Our Technologies

Planning is a critical component of any self-driving system. We specialize in developing state-of-the-art technologies for a diverse set of autonomous decision making tasks, including route planning, high-speed motion planning on highways, planning under uncertainty, predicting the intentions of dynamic elements on the road such as other vehicles and pedestrians.

Below are some of our systems in action.

Click to play the high-speed motion planning on the highway video

High-Speed Motion Planning on the Highway

Our planning algorithm generates safe and comfortable motions for self-driving vehicles traveling at high-speeds. Our algorithm can negotiate difficult situations encountered on the highway with high levels of safety, comfortability, and reliability.

Click to play the real-time prediction of intentions video

Real-time Prediction of Intentions

Our prediction algorithms analyze surrounding vehicles, pedestrians, and other dynamic objects in the environment to determine their intentions. Being able to reliably predict future intentions is integral to the performance of a self-driving vehicle.

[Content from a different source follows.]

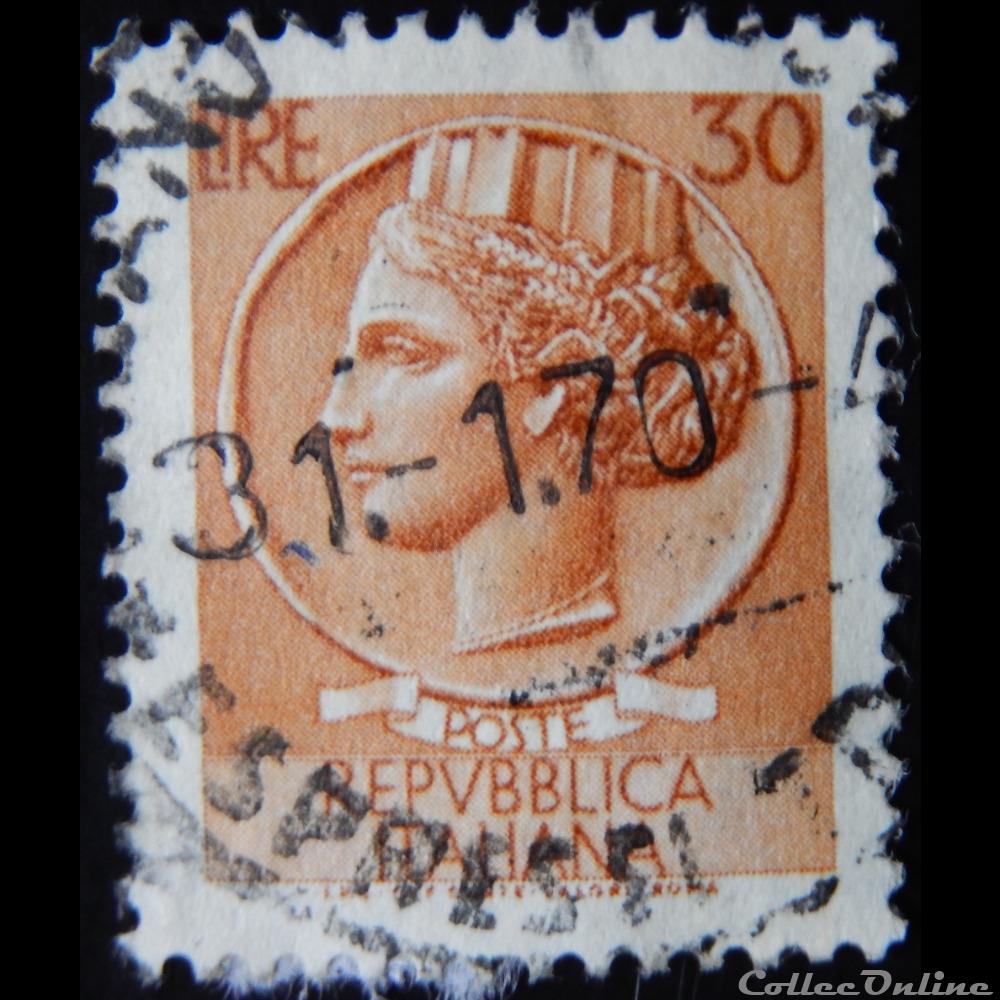 Italie 00716A pièce de Syracuse 30 lires de 1960 3 timbre europe italie 00716a piece de syracuse 30 lires de 1960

Click to play the robust planning in uncertain environments video

Robust Planning in Uncertain Environments

Taking into account uncertainty about the intentions of other objects around a self-driving vehicle (e.g. pedestrians, other vehicles, bicyclists) is critical to making safe and comfortable decisions. We have developed novel algorithms that plan efficiently while explicitly reasoning about the uncertainty in the environment surrounding the self-driving vehicle.

Route Planning

Our route planning algorithms generate a long-term plan from a start location to a destination location, taking into account traffic information, road closures, detours, etc. and adjusts the route of the self-driving vehicle accordingly. We employ state-of-the-art search algorithms that allow us to find routes over large road networks in real-time.

Team

Maxim Likhachev

Founder and CEO

Maxim is a Research Associate Professor with the Robotics Institute and National Robotics Engineering Center (NREC), both part of School of Computer Science, Carnegie Mellon University. He is also an adjunct faculty at the Computer and Information Science department at University of Pennsylvania and a member of the GRASP laboratory.

Mike Cannon

Business Development

Mike works on business & partnership development for RobotWits. Previously he worked in sales and business development for Willis Towers Watson, Liazon and Paychex.

Ellis Ratner

Senior Robotics Researcher

Ellis works on prediction, planning and decision making systems at RobotWits. He is also currently a member of the Berkeley AI Research (BAIR) Lab at the University of California, Berkeley, where he is pursuing a PhD in computer science. Previously, Ellis was a member of the Search-Based Planning Lab (SBPL) at Carnegie Mellon University's Robotics Institute.

Lu Lyu

Senior Robotics Researcher

Lu develops prediction algorithms for on-road environments and works on other software engineering tasks in the context of developing software for self-driving vehicles. Prior to joining RobotWits, Lu worked for two start-ups and has hands-on experience developing robotic hardware, perception, and planning systems. Lu received her MS in Robotic Systems Development from Carnegie Mellon University in 2015.

Ramkumar Natarajan

Robotics Researcher

Ram develops optimization algorithms for planning and decision making and designs fail-operational architecture for planning subsystem in self-driving vehicles. He obtained his Master's in Robotics from Worcester Polytechnic Institute (WPI) in 2017 working alongside at a robotics startup in perception and autonomy systems of a retail store robot. Previously, Ram was a member of Reconfigurable and Intelligent Systems Engineering (RISE) group at Indian Institute of Technology (IIT), Madras.

Jonathan Butzke

Lead Robotics Researcher

Jonathan’s primary responsibility is teaching programmers the intricacies of planning for autonomous vehicles. He obtained his Ph.D. in Robotics from Carnegie Mellon University where he worked in the Search-Based Planning Lab. His research activities include aerial and ground vehicle coordination, exploration of unknown environments, and the hardware design of numerous robots. Prior to his Ph.D. studies, Jonathan was a submarine officer.

Alla Safonova

Project Manager

Alla brings expertise in computer graphics, interfaces, visualization and robotics. Prior to joining RobotWits, Alla worked as an Assistant Professor at University of Pennsylvania. Alla holds her Ph.D. from Carnegie Mellon University and Master's degree from Georgia Institute of Technology, both in Computer Science.